Whatever ignorance, pride or fanaticism may suggest to the contrary, Esoteric Cosmology can be shown to be inseparably connected with both Philosophy and Modern Science. The Gods and Monads of the Ancients-from Pythagoras down to Leibnitz-and the Atoms of the present materialistic schools (as borrowed by them from the theories of the old Greek Atomists) are only a compound unit, or a graduated unity like the human frame, which begins with body and ends with Spirit. In the Occult Sciences they can be studied separately, but they can never be mastered unless they are viewed in their mutual correlations during their life-cycle, and as a Universal Unity during Pralayas.

La Pluche shows sincerity, but gives a poor idea of his philosophical capacities, when declaring his personal views on the Monad or the Mathematical Point.
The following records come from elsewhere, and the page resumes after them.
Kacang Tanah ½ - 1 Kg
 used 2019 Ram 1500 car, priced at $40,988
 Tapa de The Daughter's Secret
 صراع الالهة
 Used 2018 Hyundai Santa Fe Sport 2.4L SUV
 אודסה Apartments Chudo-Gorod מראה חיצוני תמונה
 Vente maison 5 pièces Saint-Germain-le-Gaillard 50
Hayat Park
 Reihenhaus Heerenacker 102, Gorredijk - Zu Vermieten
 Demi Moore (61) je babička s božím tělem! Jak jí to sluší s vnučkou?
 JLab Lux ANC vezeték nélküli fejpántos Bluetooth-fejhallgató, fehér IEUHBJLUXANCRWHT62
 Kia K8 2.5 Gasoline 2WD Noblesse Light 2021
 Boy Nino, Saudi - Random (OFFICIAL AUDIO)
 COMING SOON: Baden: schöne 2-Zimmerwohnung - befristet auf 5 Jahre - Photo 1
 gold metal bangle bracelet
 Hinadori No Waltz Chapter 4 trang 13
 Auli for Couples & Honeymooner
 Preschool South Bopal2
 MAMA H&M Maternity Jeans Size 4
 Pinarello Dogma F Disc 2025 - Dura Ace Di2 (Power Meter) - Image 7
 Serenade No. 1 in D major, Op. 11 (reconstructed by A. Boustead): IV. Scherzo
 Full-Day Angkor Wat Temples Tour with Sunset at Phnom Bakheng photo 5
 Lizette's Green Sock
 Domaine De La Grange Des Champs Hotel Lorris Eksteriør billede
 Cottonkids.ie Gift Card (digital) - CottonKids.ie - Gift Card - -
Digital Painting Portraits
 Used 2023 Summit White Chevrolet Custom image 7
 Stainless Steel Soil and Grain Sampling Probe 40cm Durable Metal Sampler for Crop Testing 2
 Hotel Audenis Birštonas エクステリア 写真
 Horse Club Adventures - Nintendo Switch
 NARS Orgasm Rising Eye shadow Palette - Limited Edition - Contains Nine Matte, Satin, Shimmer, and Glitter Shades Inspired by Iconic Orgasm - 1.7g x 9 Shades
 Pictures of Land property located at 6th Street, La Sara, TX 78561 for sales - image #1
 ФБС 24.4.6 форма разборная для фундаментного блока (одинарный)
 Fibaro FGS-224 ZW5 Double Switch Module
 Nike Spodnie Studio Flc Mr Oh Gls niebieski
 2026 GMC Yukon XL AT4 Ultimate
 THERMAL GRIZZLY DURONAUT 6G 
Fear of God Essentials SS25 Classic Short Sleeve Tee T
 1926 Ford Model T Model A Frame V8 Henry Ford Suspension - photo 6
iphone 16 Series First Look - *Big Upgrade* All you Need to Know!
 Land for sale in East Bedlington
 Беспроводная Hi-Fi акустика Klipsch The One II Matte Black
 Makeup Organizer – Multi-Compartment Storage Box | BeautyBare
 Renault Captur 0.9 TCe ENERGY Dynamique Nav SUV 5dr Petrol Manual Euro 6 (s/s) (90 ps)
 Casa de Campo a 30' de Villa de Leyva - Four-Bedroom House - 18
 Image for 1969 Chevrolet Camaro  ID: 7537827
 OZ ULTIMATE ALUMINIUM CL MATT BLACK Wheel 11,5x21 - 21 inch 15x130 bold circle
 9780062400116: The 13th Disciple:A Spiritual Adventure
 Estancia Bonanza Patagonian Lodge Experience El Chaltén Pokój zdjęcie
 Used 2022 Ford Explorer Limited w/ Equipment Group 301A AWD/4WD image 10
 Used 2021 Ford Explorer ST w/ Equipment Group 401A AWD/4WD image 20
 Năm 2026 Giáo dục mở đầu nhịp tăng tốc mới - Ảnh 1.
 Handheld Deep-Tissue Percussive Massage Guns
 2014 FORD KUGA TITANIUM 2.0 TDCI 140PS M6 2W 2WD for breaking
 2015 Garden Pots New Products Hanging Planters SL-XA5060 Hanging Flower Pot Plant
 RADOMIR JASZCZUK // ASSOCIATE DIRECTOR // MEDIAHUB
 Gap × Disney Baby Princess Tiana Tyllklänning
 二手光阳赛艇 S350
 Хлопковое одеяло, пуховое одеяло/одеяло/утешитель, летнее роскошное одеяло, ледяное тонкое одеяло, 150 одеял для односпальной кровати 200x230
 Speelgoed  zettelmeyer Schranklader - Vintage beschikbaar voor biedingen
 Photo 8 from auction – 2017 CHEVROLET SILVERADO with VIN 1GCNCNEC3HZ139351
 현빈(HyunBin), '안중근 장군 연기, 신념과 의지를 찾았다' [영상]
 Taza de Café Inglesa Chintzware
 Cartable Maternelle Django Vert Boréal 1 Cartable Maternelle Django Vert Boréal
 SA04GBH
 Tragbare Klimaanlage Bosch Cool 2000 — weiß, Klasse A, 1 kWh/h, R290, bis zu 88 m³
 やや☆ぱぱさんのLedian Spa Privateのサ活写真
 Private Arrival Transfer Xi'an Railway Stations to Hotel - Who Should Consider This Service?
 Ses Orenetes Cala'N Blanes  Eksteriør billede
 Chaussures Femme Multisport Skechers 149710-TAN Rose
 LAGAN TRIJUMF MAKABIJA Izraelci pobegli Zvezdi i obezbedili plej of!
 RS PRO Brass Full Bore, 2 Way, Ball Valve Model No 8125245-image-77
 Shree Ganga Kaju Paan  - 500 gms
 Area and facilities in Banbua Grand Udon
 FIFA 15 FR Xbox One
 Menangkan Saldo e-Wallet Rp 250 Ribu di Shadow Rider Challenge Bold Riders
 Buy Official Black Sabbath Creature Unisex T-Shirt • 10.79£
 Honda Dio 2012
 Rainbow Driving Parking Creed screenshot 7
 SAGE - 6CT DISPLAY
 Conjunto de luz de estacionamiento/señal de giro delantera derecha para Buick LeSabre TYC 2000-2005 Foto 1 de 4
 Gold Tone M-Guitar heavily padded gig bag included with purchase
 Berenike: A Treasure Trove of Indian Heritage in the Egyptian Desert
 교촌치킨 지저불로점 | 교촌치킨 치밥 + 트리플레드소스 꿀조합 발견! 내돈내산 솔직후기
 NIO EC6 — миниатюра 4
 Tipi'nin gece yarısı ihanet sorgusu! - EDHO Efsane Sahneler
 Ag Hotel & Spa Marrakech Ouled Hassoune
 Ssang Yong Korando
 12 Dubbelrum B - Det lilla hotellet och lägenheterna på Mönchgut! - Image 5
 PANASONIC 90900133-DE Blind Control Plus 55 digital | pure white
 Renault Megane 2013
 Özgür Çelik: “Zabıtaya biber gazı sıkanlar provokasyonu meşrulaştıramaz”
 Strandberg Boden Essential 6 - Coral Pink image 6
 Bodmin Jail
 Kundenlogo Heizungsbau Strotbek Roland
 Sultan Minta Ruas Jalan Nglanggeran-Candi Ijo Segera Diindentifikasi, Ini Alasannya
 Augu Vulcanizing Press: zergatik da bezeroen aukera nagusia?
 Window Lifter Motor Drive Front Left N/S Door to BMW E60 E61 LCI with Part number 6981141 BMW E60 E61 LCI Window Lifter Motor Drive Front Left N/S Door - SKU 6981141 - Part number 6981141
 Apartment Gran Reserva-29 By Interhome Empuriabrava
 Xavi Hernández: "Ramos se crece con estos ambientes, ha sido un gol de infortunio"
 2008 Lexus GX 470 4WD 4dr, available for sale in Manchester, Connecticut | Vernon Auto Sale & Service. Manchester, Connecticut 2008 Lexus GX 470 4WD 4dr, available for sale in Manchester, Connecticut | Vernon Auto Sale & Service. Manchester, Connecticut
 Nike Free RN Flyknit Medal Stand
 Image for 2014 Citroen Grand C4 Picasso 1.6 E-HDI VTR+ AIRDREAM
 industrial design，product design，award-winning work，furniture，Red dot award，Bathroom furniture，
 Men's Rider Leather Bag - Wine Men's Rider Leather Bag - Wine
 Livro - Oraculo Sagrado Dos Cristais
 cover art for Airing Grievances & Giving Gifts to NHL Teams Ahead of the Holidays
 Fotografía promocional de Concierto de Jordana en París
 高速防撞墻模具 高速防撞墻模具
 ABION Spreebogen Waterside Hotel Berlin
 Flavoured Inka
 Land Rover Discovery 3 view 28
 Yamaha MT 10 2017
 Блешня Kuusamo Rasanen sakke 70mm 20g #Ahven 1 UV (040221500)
He says:

A point is enough to put all the schools in the world in a combustion. But what need has man to know that point, since the creation of such a small being is beyond his power? À fortiori, philosophy acts against probability when, from that point which absorbs and disconcerts all her meditations, she presumes to pass on to the generation of the world.

Philosophy, however, could never have formed its conception of a logical, universal, and absolute Deity, if it had had no Mathematical Point within the Circle upon which to base its speculations. It is only the manifested Point, lost to our senses after its pregenetic appearance in the infinitude and incognizability of the Circle, that makes a recon

THE MATHEMATICAL POINT.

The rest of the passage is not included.